Да, повезло. Получила три бутылька, шприцы. Радостно положила их в сумку. И тут же сама себя поддела: «Скоро и куску хлеба радоваться будешь».
Глава двадцать четвертая
Было время, Елтышев часто задумывался о смерти. Как так – ходит вот человек, видит, слышит, ощущает, думает, все, кажется, может – и вдруг перестает быть. Бац – и темнота, абсолютная пустота. Нет у человека ничего больше, и человека как такового нет. Лишь кусок мяса с костями, который нужно поскорее закопать в землю.
И чем чаще Николай Михайлович слышал разговоры о чем-то потустороннем, о призраках, голосах, полтергейстах, светлых туннелях, по которым летят клинически умершие, тем острее ощущал полное ничто после смерти. А все эти разговоры – простой страх людей перед этим ничто.
Работа в милиции закалила, точнее, очерствила – мертвые не вызывали особой жалости и страха, а чаще всего наоборот – раздражение. Мертвые требовали возни, внимания, за них нужно было отвечать, заботиться о них, писать о них длинные протоколы.
В последние годы Елтышев стал не любить живых. Многие из живших рядом были лишними, некоторые становились его врагами или теми, кто мешал жить ему и его близким.

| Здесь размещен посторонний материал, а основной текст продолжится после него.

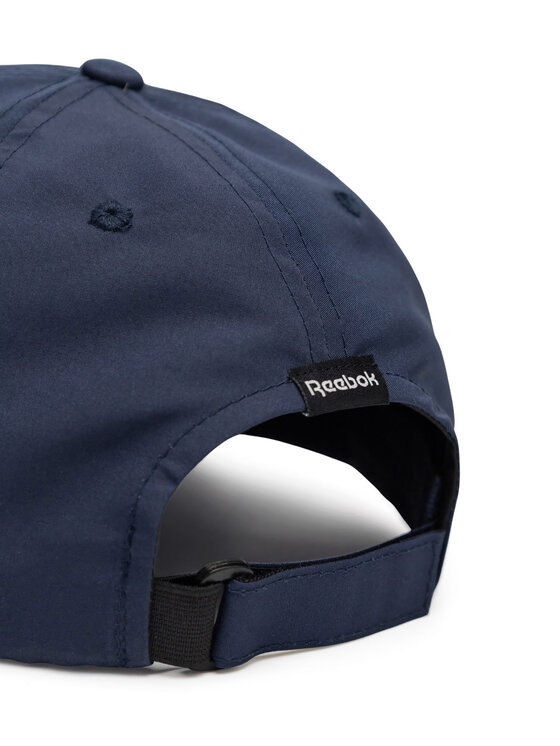 Reebok Reebok Καπέλο Jockey RBH2200-AW24 Σκούρο μπλε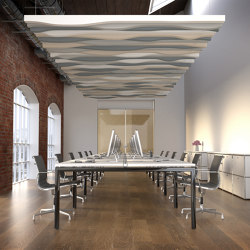 Corpus Illuminated Ceiling Systems From Owa Architonic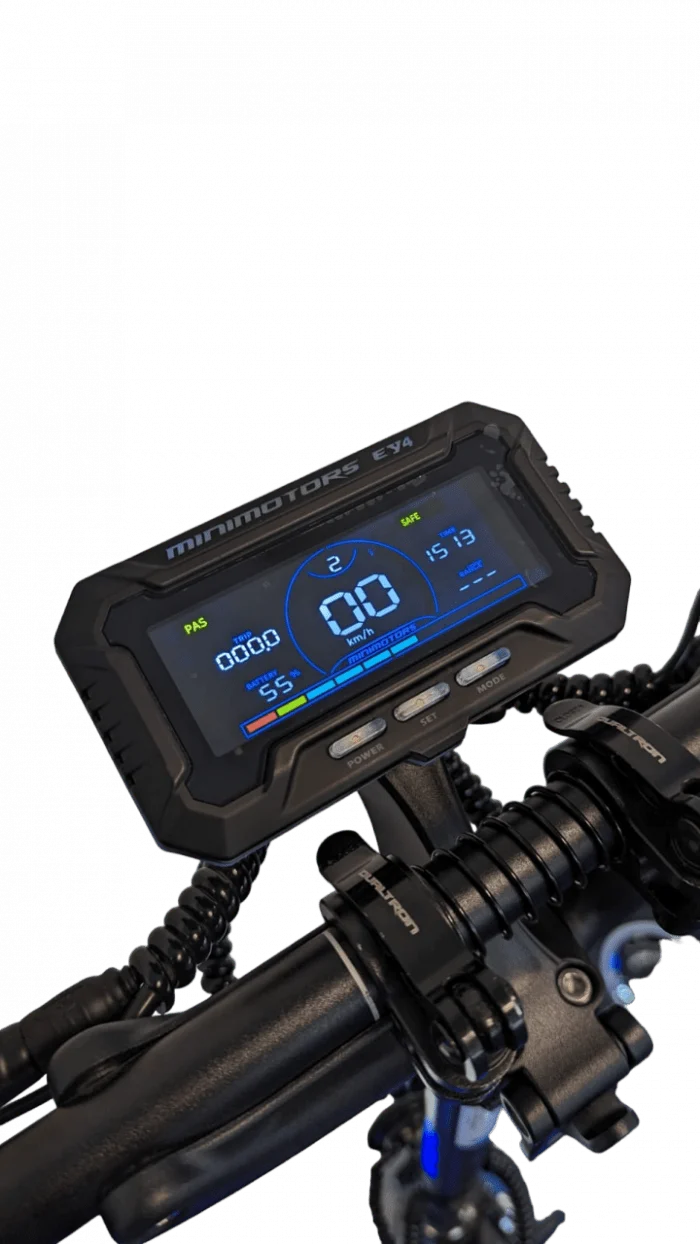 Kit DISPLAY EYE 4 DUALTRON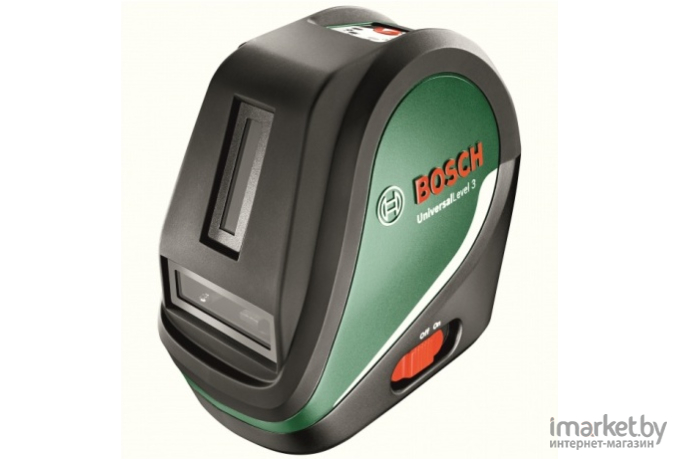 Лазерный нивелир Bosch UniversalLevel 3 Basic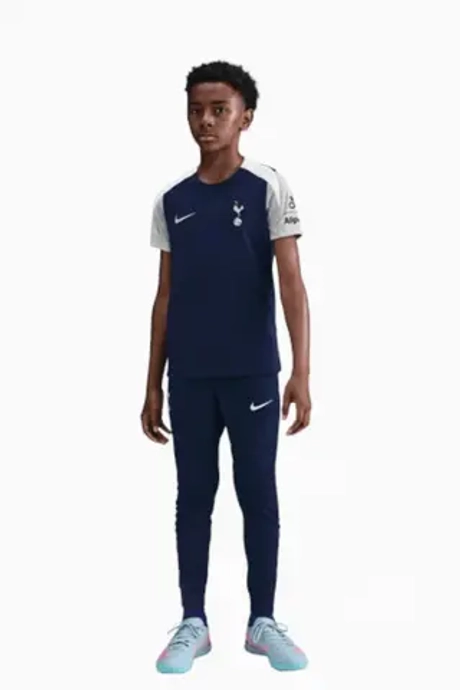 Футболка Nike Tottenham Hotspur 25/26 Strike Junior - темно-синий
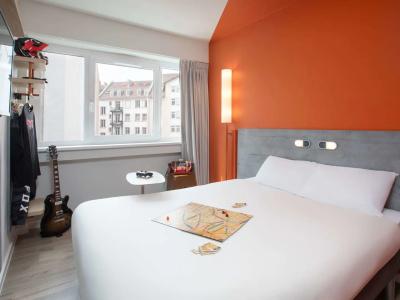 ibis budget Strasbourg Centre Republique - 4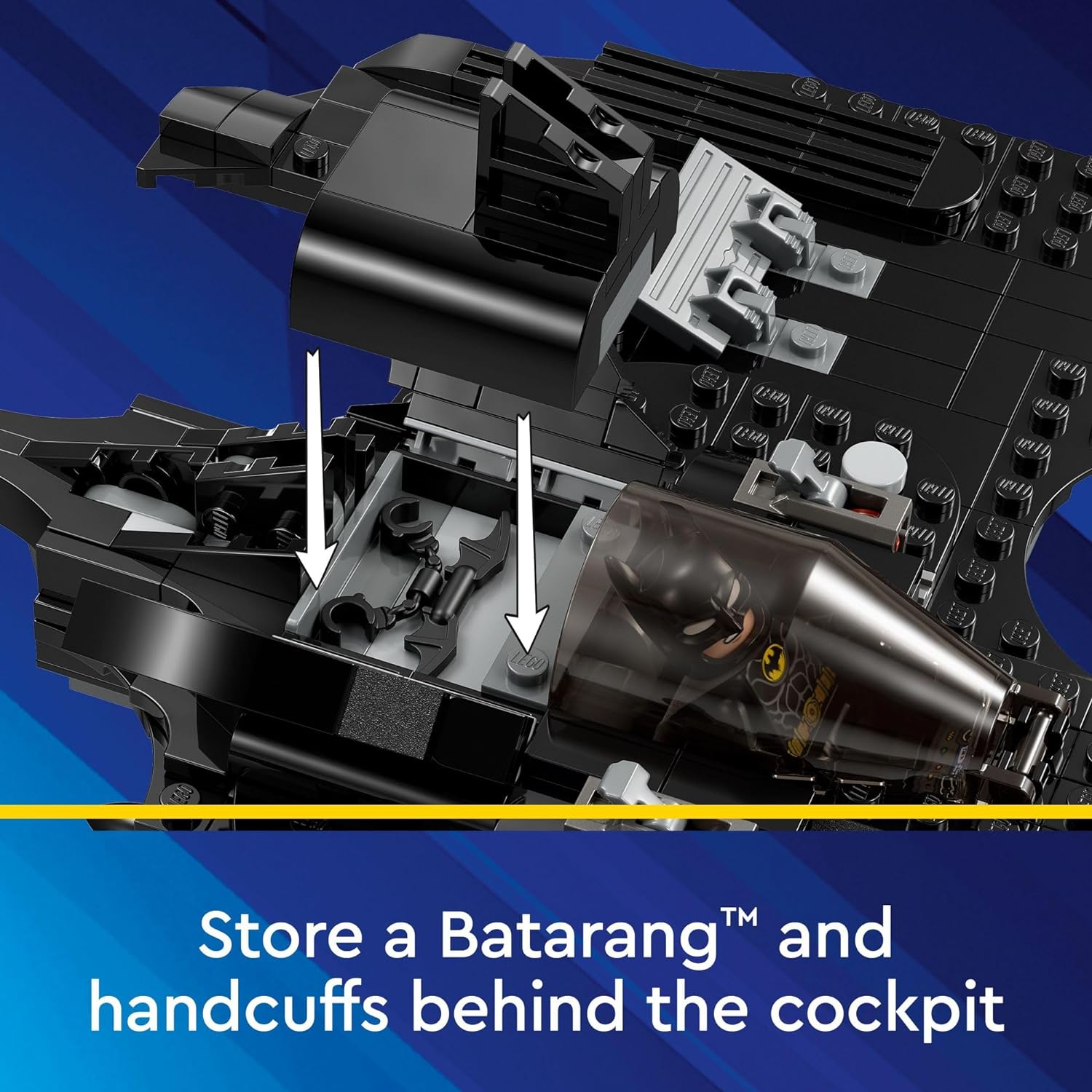 Batmobile Pursuit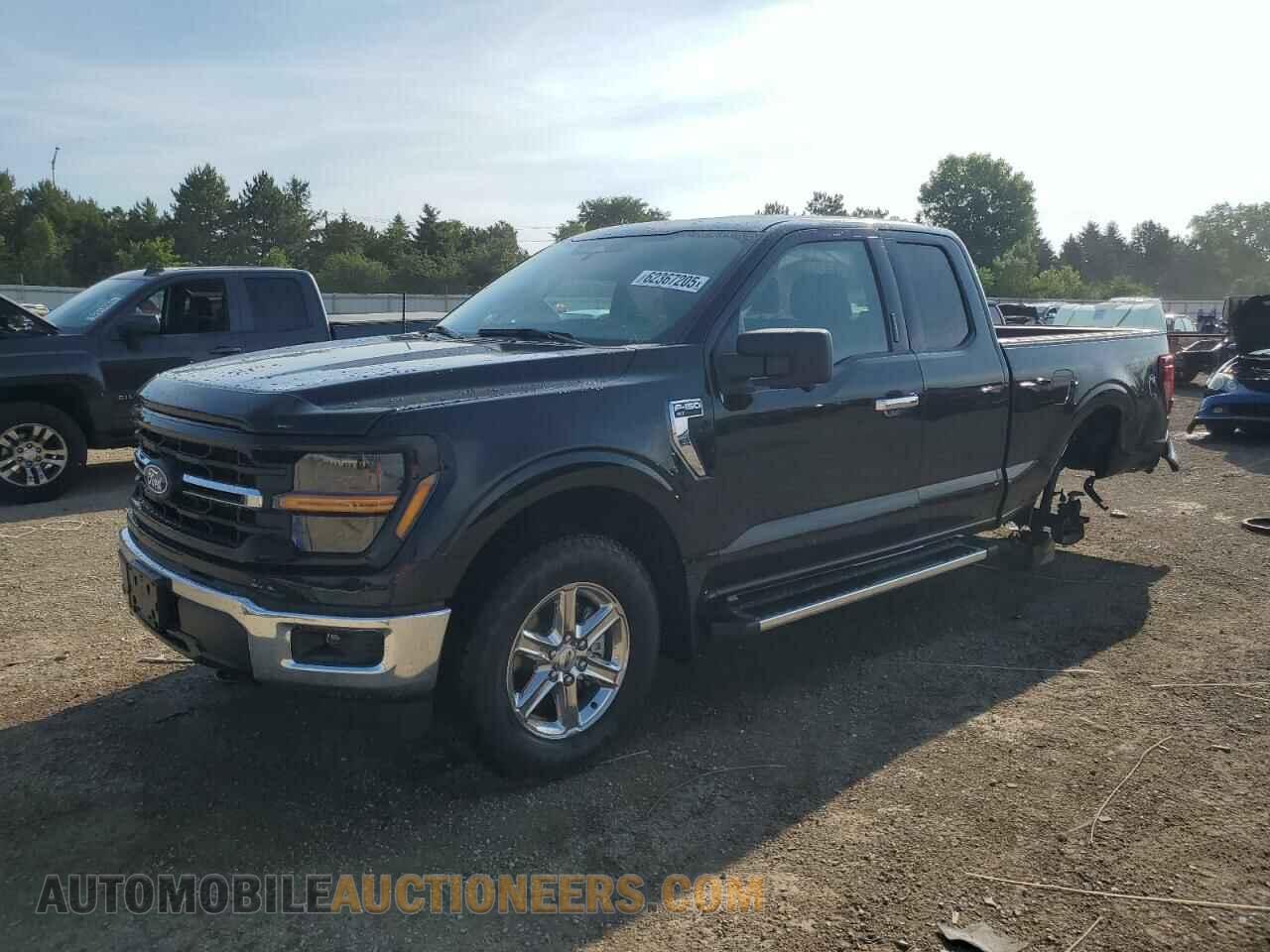 1FTEX3LP9RKF71614 FORD All Models 2024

Особенно явно это стало в деревне. Борьба за существование, месть за унижение – проглотить обман, это ведь тоже унижение.
Но с самых недавних пор Николай Михайлович невольно, не желая и пугаясь этого, стал завидовать тем, кто умер. Умер быстро, не успев понять, что умирает; может, они и пугались, но пугались только в тот момент, когда смерть уже была неотвратима и уже ничего нельзя было изменить… Юрке завидовал (хотя тот, если верить его вдове и допустить, что у нее с головой все в порядке, помучился на том свете), Харину, этим пацанам, которых по пьяни зарубили, зарезали, даже сыну своему, чью пустую и ему самому немилую жизнь вдруг оборвал несчастный случай… Несчастный случай… Завидовал он потому, что почувствовал близкую старость. Настоящую, от которой уже не избавиться, не обмануть ни ее, ни себя. И с каждым месяцем будет хуже. А их впереди много. Может, и десятки лет. Как у тетки Татьяны. До полного изнеможения и маразма…
Просыпался без всякого желания вставать. Пытался представить, что может ожидать его сегодня хорошего. Не находил ничего. Но все же поднимался, натягивал одежду. И дальше тек напрасный, лишний, тяжелый день. Любое движение вызывало не то чтобы боль, а – хуже – физическую тошноту. Ничего не хотелось, нет – не моглось – делать.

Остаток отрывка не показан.